Now, bear with me a moment while I picture the time required to heat the gases in an IC engine at time of combustion as being fast, something like the width dimension divided by the speed of sound in the compressed gas. If I take alpha as smaller and smaller, the external combustion case (boiler) gets faster and faster. How small do we have to get before we are heating our volume of gas through the wall at speeds comparable to the IC case? Yes, I know about choking in compressible fluid flow, but small pipes may not be needed in our external engine design.

Question #1: If I need a very small engine, should I consider external combustion? Let's say I'm willing to trade some power to mass ratio to get quiet operation.

Question #2: Should I consider ganging multiple scaled-down external combustion engines to get the advantages like quiet operation, self-starting, etc. to get any required power?

As a background comment, note the following regarding IC engine size scales:

In their book "On Size and Life", 1983, Scientific American Books, Inc., pp. 60-65, Thomas A. McMahon and John Tyler Bonner compare commercial IC engines from the smallest to the largest. They note that larger power users such as planes and ships use multiple cylinders per engine and multiple engines per vehicle, partly because "the requirements of cooling apparatus are relatively more expensive, both in subtracted power and added mass, the larger the engine becomes". I believe this is because of the difficulty of cooling the cylinders having smaller and smaller surface area available per unit volume as size increases. They note that 757,778 Webra Speedys have the same mass as one huge marine engine, yet would have about 12 times the power if you could somehow link them together. It's 3.33 hp/kg for the model airplane engine, 0.27 hp/kg for the giant diesel.

• If it's external, then it's a "heat motor." – Carl Witthoft Feb 27 '17 at 16:10
• You may get better answers if you specifically state what you are looking for instead of giving a broad situation. What is your application? – hazzey Feb 27 '17 at 17:13
• Good comment @hazzey. I'm just trying to see if there can be a better way to get lightweight power sources for portable tools that are not as heavy as batteries and electric motors or very noisy IC engines. Dremel-sized tools and smaller. – Joel Clark Feb 27 '17 at 19:02
• @JoelClark in a broad sense, you just described pneumatic or hydraulic tools. – hazzey Feb 27 '17 at 22:29
• Your question seems unclear. And it is really not very clear. Try to formulate this on a way, that a reviewer understand what are you asking about even if he has only around 20 seconds for your question. It is important, high quality questions don't need long thinking what are you try to ask about. Please do it fast - a voting is already going on. – peterh Mar 2 '17 at 17:00

I have done a lot of work with small sterling heat engines. While decreasing the size generally does have a favorable effect on your heat transfer, your energy density doesn't increase substantially over the feasible range. Other issues come into play, like being able to fabricate an engine that small while keeping internal friction low. Also your cylinder head area to cylinder ring circumference ratio decreases; yielding a lower efficiency cylinder.

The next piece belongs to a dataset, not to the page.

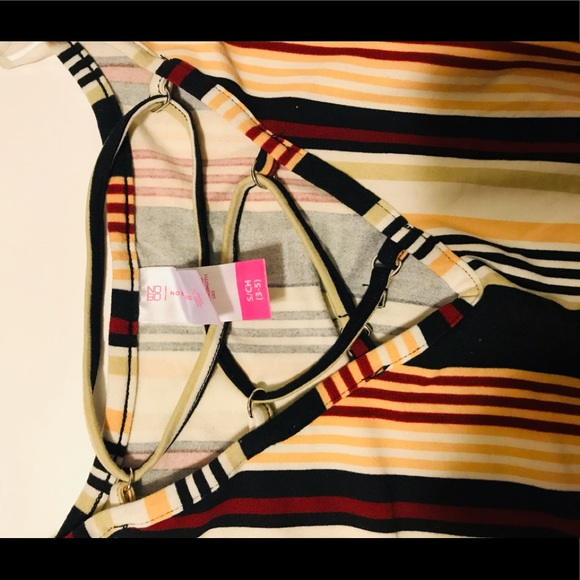 V-neck, longed sleeve stripped shirt - Picture 3 of 5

For increasing sterling engine power density, I usually added fins to the inside and outside of the heat transfer wall to increase the surface area without shrinking the parts to impractical sizes.

A heat engine is not going to match the power density of an internal combustion engine (unless you switch to exotic materials and run very high temperatures perhaps). And it is certainly not the match the power density of an electric motor. A Stirling engine's niche is low-maintenance waste-heat to electrical conversion.

For portable power tools, electric is the way to go. Energy density of lithium ion is quite high, and battery technology increases every day. Electric motors have highly controllable speeds and torques, especially with brushless dc motors (variable frequency). Electric systems are also much much lower maintenance.

• Thanks, @ericnutsch, I am taking your advice. More comments above. – Joel Clark Mar 3 '17 at 21:46

Most small external combustion engines have abysmal efficiency compared to internal combustion ones - simply, most of heat is vented without ever getting transferred to the working gas/liquid. They are so inferior, you'll be considerably better off with an electric engine instead.

You only use a tiny combustion engine if you really need considerable torque and excellent mass efficiency - and even that to a degree; model airplane engines are about as small as you can reasonably get (and they are awfully loud), and slowly losing to electric anyway. Anything smaller will lose to electric due to overhead of structural/mechanics/friction.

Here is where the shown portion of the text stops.